Our findings support a mechanism that inhibits receptor recycling by coordinating TBC1D5-dependent capture of retromer⁺ endosomes by autophagosomes for wholesale destruction (Figure 5I). While this targeting to autophagosomes exhibited a preference for retromer⁺ endosomes and was strongly regulated by nutrient withdrawal and MTORC1 inhibition, our work raises several interesting questions.

Does this represent a bona-fide selective autophagy pathway for endosomes (i.e., endophagy), or instead, nonselective turnover of endosomes via macroautophagy? If it were truly selective, the signals which occur at endosomes to coordinate this process are yet to be revealed. Our initial hypothesis was that TBC1D5 may serve as a selective autophagy receptor for retromer⁺ endosomes. However, TBC1D5 did not satisfy criteria for this to be true. The C-terminal LIR #3 of TBC1D5 was not necessary for autophagosomes to capture retromer⁺ endosomes, and TBC1D5 did not interact with ATG8 proteins in our experiments.
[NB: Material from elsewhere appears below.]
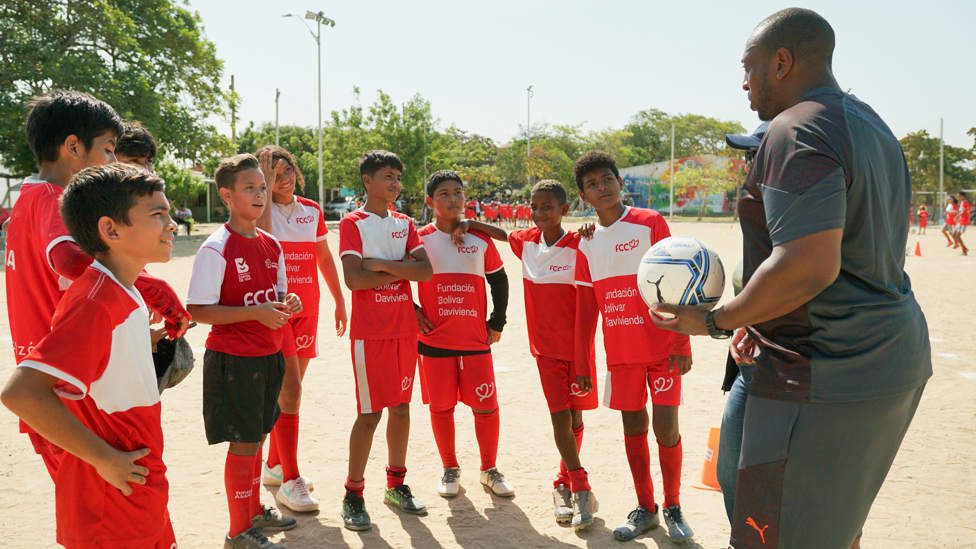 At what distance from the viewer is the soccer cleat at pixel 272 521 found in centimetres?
380

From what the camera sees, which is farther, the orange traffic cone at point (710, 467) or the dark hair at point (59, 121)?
the orange traffic cone at point (710, 467)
Why do retromer⁺ endosomes appear to be preferentially targeted to autophagosomes for destruction? One possible explanation may be related to their ability to specifically recruit TBC1D5 to endosomes, given the importance of TBC1D5 in this process. Additionally, retromer may serve as a “master substrate” because its turnover likely affects numerous receptor trafficking events in parallel [11]. Interestingly, the total cellular amount of retromer components were largely unchanged by nutrient withdrawal or MTOR inhibition, indicating that a small – likely endosome-associated and active – pool of retromer is targeted for destruction [55]. Consistent with this, only a small fraction of retromer in the cell is associated with endosomal membranes. Alternatively, or in parallel, retromer turnover may also be compensated by TFEB-driven transcription of its components [60]. Moreover, specific coordination of retromer by MTORC1 and autophagy may synchronize various receptor-mediated signaling events with nutrient availability and other environmental cues. Similarly, amino acids were demonstrated to support endosome-to-Golgi trafficking of the IGF2R and SORT1, which extends our observations to additional retromer cargoes [61]. A key difference was that amino acids achieved this through the Ragulator-SLC38A9 system (which controls MTORC1 activation) independently of MTORC1 activity, indicating that receptor homeostasis may be regulated in parallel at different points along the MTORC1 pathway [61]. Moreover, stress-induced phosphorylation of the retromer-adaptor SNX27 by MAPK11-MAPK14 was found to inhibit cargo selection and receptor recycling to the plasma membrane [36]. This suggests that multiple mechanisms may act in parallel or potentially in concert to suppress receptor recycling by retromer when nutrients are limiting. Interestingly, retromer deficiency perturbs MTORC1 activation by amino acids [27], and confers insensitivity to rapamycin in yeast [62], suggesting potential feedback between these pathways.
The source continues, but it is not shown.